Line Numbers Considered Harmful
The above image is what my
text editor of choice (Vim) looks like these days. Most Vim enthusiasts
have all kinds of flash features enabled: colourful syntax highlighting,
status bars, tree browsers, language servers providing error checking
and style suggestions… I’ve turned all this off. I no longer even have
visible line numbers.
As I’ve experimented with more and more minimal approaches to writing code I’ve come to believe that none of those features are necessary or even useful. They disrupt flow and offer little in return.
White text on black, 80 columns. No line numbers, no colours, no menus, no mouse. Nothing between you and the code, and no interruptions. This is how you achieve flow.
There are a million and one tools out there that promise increased productivity. Productivity is not flow. Productivity is procrastination through busywork that feels productive. You don’t need a note-taking system, you don’t need a code snippet library; you need flow. To achieve flow you must eliminate as many barriers between yourself and the code as possible.
Language servers and other error-checking tools disrupt flow. If you’ve made a mistake, the compiler will tell you when it’s time. You don’t need to know about the mistake the moment you type it. By the time you’ve typed the mistake you’re already thinking about the code that must follow. Being interrupted and sent backward prevents you from thinking sequentially.

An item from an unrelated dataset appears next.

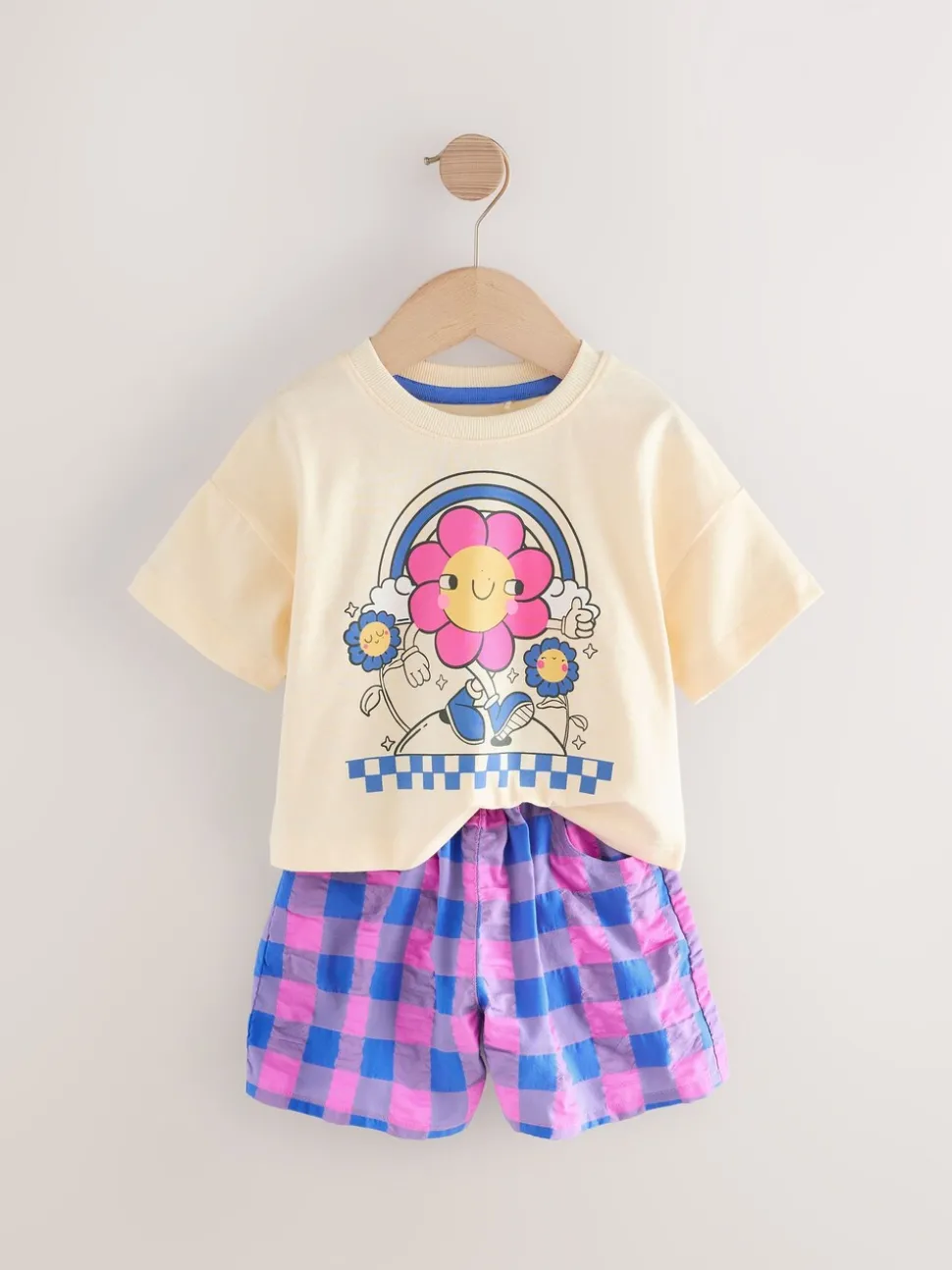 Purple T-Shirt and Short Set (3mths-7yrs)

The mouse disrupts flow. Code must be typed and you don’t type with the rodent. Reject the rodent; keep your hands on the keyboard.
Syntax highlighting disrupts flow. The code says what it is already. Being written in orange or purple or green gives you no further information. Read the code, not the colours. Remove the barrier between yourself and the code.
Line numbers disrupt flow. If the compiler alerts you to an error on line 387, jump to line 387. The editor knows where that is. You don’t need to see it. You don’t need numbers in the margin to tell you 388 comes afterward. Reduce the number of things on the screen that are not code.
This is doing things “the hard way.” The hard way is the easy way. The hard way requires concentration; concentration induces flow.
Finally: don’t touch Emacs. A text editor does not need an organiser, or a mail client, or a debugger, or an IRC client, or a calendar, or an espresso machine. It definitely does not need an organiser and a mail client and a debugger and an IRC client and a calendar and an espresso machine.